After Edward’s death the crown went to his sister Mary I. Mary I, known as “bloody Mary” attempted to restore Catholicism and married the very Catholic King Phillip of Spain. Fortunately, when Mary died in 1558, her successor Elizabeth I restored calm and peace and order to England.

Elizabeth I was a successful monarch, and a “tough act to follow:” When Elizabeth died in 1603 she had no direct descendents.

With the death of Elizabeth, Parliament looked to find a new King or Queen. Parliament looked backward in her line to where Henry VIII had a sister Margaret Tudor. Margaret had married James IV of Scotland (STUART). James IV of Scotland and Mary had left children that included James V, King of Scotts who, in turn, left a child Mary, Queen of Scotts, who, in turn had a son James VI of Scotland.

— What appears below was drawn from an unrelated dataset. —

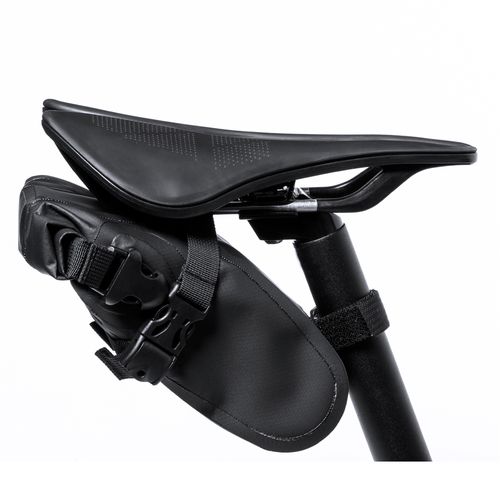 black Bolsa Bici Hydoria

Thus, at the death of Elizabeth I the English crown was placed on James VI of Scotland who became the king of England, known as James I of England, (STUART) (d. 1625). Thereby there became a union of England and Scotland under the kingship of the same person.

James VI of Scotland and I of England died in 1625. His son Charles I became king.

After a troublesome session with parliament, Charles I in 1629 resolved to rule without parliament and dissolved it. Tumultuous times resulted, with justified fear that Charles I would impose the Catholic religion on his subjects, would increase his use of his army in enforcing his civil decrees on his subjects, and would increase taxes on the populace. It was then that the Massachusetts Bay Colony settlers set out to form a new colony in New England.

Later in the reign of Charles I, namely in 1642, the first English Civil War began, with great violence and turmoil that turned the kingdom upside down for four years. The second English Civil War then began, ending with the execution of Charles I in 1651.

With the death of Charles I, the crown went into “limbo”, while Cromwell became Lord Protector of the “commonwealth”. The commonwealth was formally established in 1653 and lasted from 1649 to 1660. The monarchy was restored at the death of Cromwell and the crown went to Charles II (d. 1685). His son James became James II. One of his children was Mary, who had married William II of Orange.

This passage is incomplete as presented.